Ridley Scott’s film Napoleon is great entertainment. The story begins with the death of Marie Antoinette and the re-capture of Toulon from the British by a daring Corsian colonel named Napoleon Bonaparte. Vanessa Kirby’s Josephine, the battle scenes, the costumes, Paris at the turn of the 19th century, all make for a rollercoaster of a ride. Joaquin Phoenix’s Napoleon finds his humanity through his love for Josephine but as a leader shows the kind of bluster and populism that bring Trump to mind.

Gaps and inaccuracies in Napoleon will annoy those looking for historical accuracy, just as Scott’s other epic movie Gladiator (2000) was no lesson about the Roman emperor Commodus’ reign. There was a moment, however, at the end of Napoleon that jarred. According to the film, Napoleon Bonaparte’s last words on his deathbed were: ‘France..Army..Josephine. This sounded strange to me.

I went to school in Haiti, a country that had once been a French colony called St Domingue, where slavery was abolished after local struggles in the wake of the French revolution in 1793. A Black general named Toussaint Louverture soon rose to become the governor of the colony and defended it with great success against the British and the Spanish.

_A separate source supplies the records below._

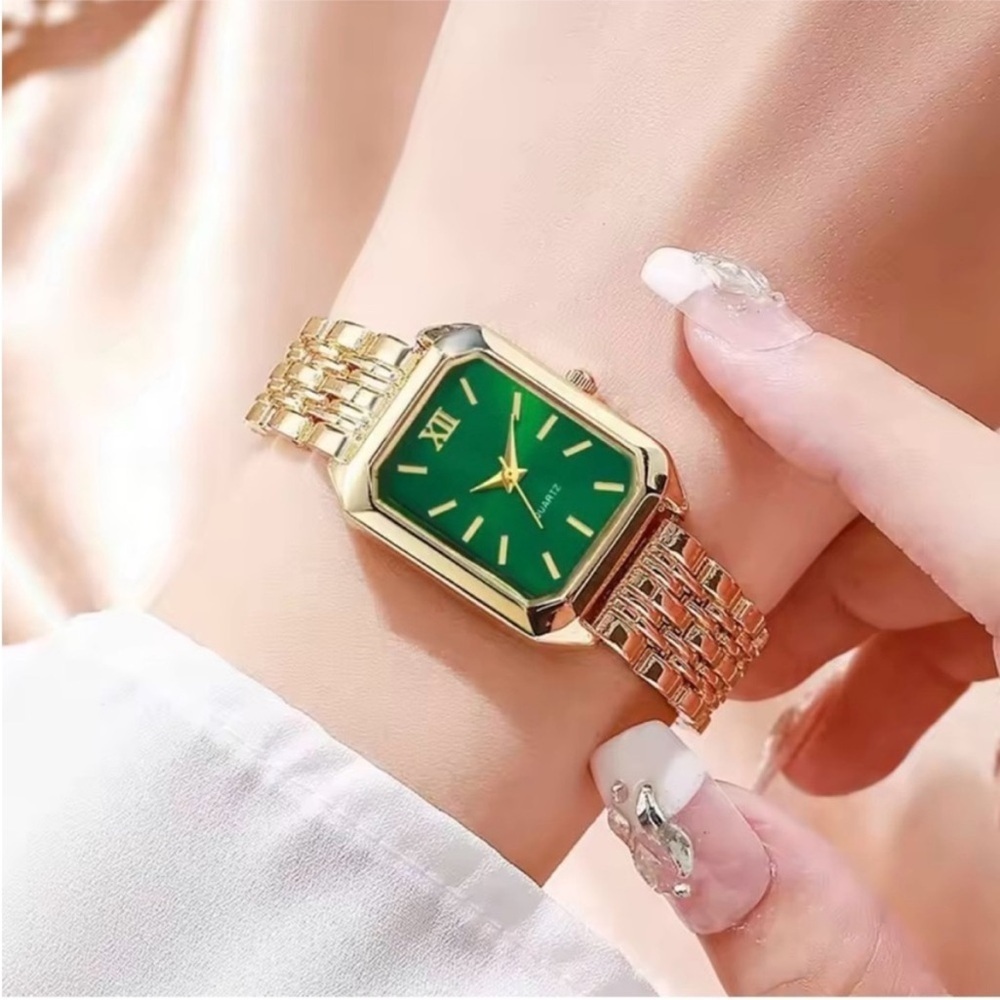 Elegant Gold Bracelet Watch with Green Dial - Picture 2 of 2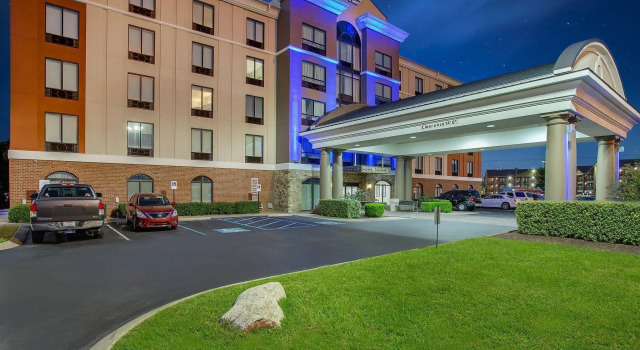 Двухместный номер Standard Holiday Inn Express & Suites Lebanon-Nashville Area by IHG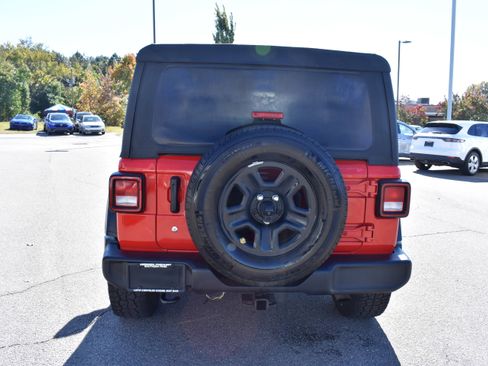 Used 2020 Jeep Wrangler Sport image 8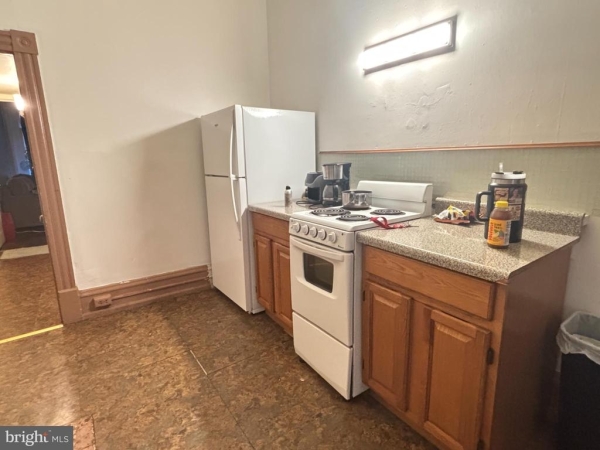 Listing Image #3 - Multi-family for sale at 822 N 5th Street, Reading PA 19601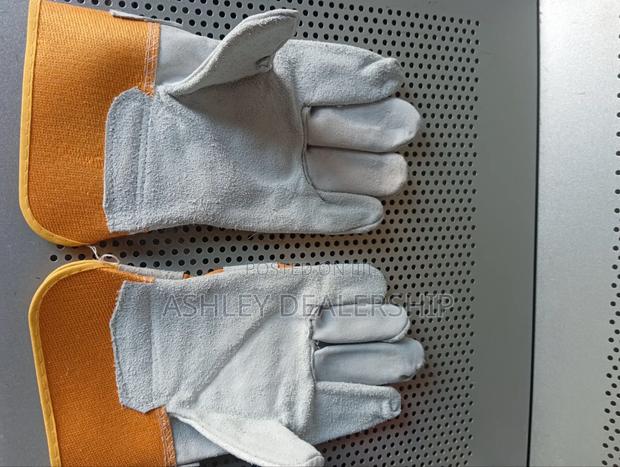 Leather Gloves - thumbnail 3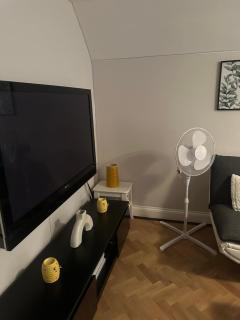 lush bedroom in loving home - Purley - 6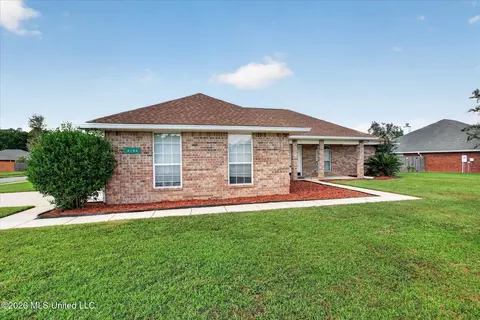 Exterior - 3104 Wayne Dr, Biloxi, MS 39530 photo 2 of 5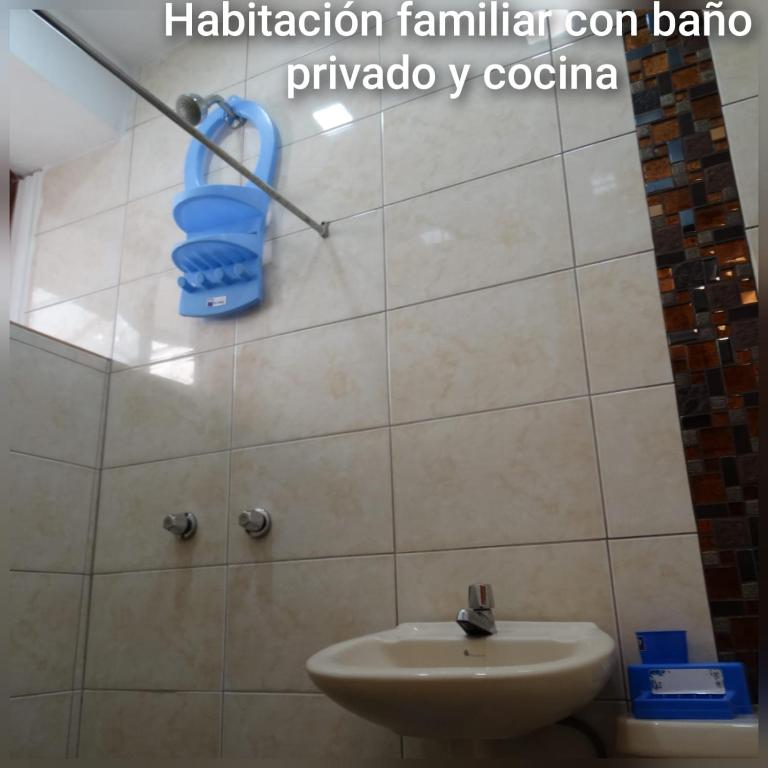 Hostal Atlantis Middle World - Family Room with Private Bathroom - 9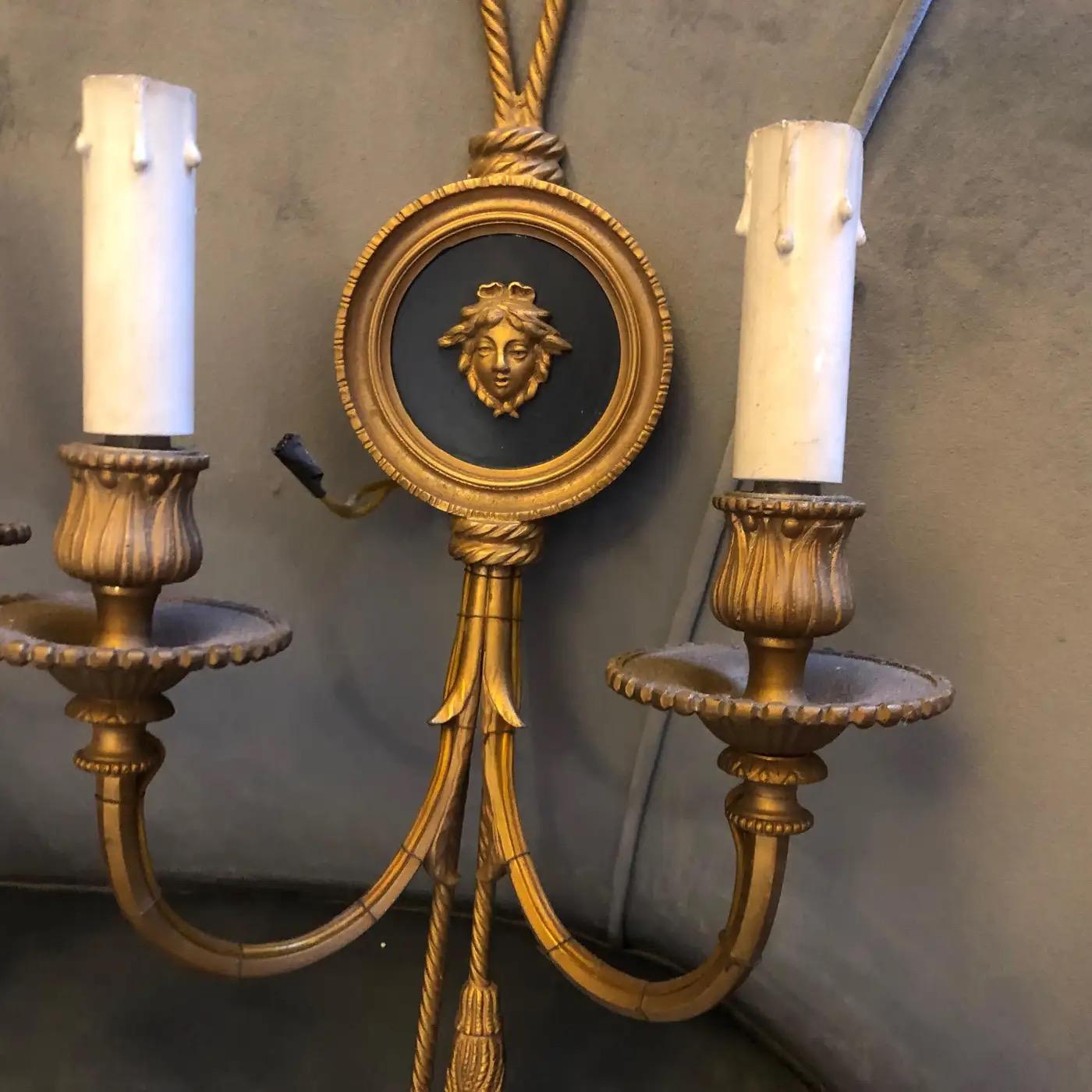 Two Early 20th Century Louis XVI Style Gilded Bronze Italian Medusa Wall Sconces For Sale 2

Napoleon Bonaparte became First Consul and, perhaps under the influence of his white creole wife Josephine, decided to re-instate slavery in all French colonies. In 1802, he sent a fleet headed by his brother-in-law, the general Leclerc, together with his sister Pauline and sixty thousand troops to St Domingue to eliminate Toussaint Louverture and force the people back into shackles. Before being betrayed and arrested, however, Toussaint Louverture had suggested to Napoleon to export the French revolution to the rest of the Americas by rallying Black support through the promise of freedom. His advice was rejected.

 One of my memories of primary school is a history lesson in my fifth year. It was a cool day, one when you didn’t need the ceiling fans on. I looked at the black and white drawings of Toussaint Louverture, first as a decorated general riding his splendid horse, and then as a wretch, a Black man freezing in front of an empty fireplace in a lonely cell on top of a snowy mountain. It was heart-breaking. Having lived my whole life in the Tropics, I couldn’t imagine a worse fate than death by cold. Toussaint Louverture died alone in 1803 after being imprisoned in Fort de Joux for only eight months. By 1804 Napoleon Bonaparte had lost his American ambitions together with his troops in St Domingue. His defeat in what became Haiti led to France selling Louisiana to the United States.

It was only fitting that the man who sent the Haitian hero to die in the cold, was condemned himself to die on a hot, rocky island off the coast of Africa. His last words, as I and generations of Haitians have been told, were ‘If only I had listened to Toussaint.’ 

Famous last words have always been useful in validating a history. Who knows what Napoleon Bonaparte or Toussaint Louverture whispered in their dying breaths? For Ridley Scott and the film’s writer David Scarpa, that last line provides a tidy end to their story. As for me, I’ll go on remembering what I learned at school.